Ледяной холод брал тело в клещи, грыз его, сжимал, крючил. А к тому же мысль не исчезала: что за чудище это было, которое утопило карбас? Едва успели прокричать об этом друг другу, как оно вновь, черное, надвинулось – прямо на Марину; снова с треском ударило в карбас. «Эгей!» – человечий, слабый в урагане, голос осекся; пролетело тяжелое через голову Марины, хлюпнулось рядом. Чудище больно ткнуло в плечо, в давнишнюю, от минного осколка, рану. Боль прошла по телу огневой искрой… Но стерпела Марина, огляделась, поняла: карбас наскочил, тоже затонувший, нос только высокий, поверх воды, загнутый кверху. А рядом пенил воду, бухал по ней руками, орал – по голосу узнала – родной человек.
– Дядя Кузя! – закричала.
– Дядя Кузя! – подхватила и Калерия.
– Дядя Кузя! – тонко – с другой стороны карбаса, с носа. – Симин, должно быть, голос.

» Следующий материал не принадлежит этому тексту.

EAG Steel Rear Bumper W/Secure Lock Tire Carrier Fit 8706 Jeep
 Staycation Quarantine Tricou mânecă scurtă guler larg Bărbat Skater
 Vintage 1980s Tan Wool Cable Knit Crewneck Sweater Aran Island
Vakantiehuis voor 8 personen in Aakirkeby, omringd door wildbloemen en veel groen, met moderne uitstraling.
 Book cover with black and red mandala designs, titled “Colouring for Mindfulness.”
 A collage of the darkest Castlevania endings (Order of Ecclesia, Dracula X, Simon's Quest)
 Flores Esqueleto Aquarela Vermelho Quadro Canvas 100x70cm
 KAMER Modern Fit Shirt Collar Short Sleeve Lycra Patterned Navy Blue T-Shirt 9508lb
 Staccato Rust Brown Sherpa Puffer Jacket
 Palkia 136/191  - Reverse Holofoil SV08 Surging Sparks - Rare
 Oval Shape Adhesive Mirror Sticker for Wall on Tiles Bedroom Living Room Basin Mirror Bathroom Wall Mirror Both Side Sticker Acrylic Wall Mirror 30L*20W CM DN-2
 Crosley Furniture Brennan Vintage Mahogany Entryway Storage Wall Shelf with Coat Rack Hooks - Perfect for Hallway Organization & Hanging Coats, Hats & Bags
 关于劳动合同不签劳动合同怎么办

– Хватайся! – командовал Кузьма Ипатьич, перебирая руками по борту. – Хватайся за наш карбас. Ваш переломленный, утонет, камни в нем не выкинутые.
Хватались за воронинский карбас, оттуда кто-то тянул руки, тоже орал:
– Через борт, гляди, не лезь! В воде стоим. Лови веревку, обвязывайся. Терпи, девки, пока отчерпаемся!
Хоть малость, а все же светлей становилось на душе – народу много, мужики… Никого не сожрало озеро.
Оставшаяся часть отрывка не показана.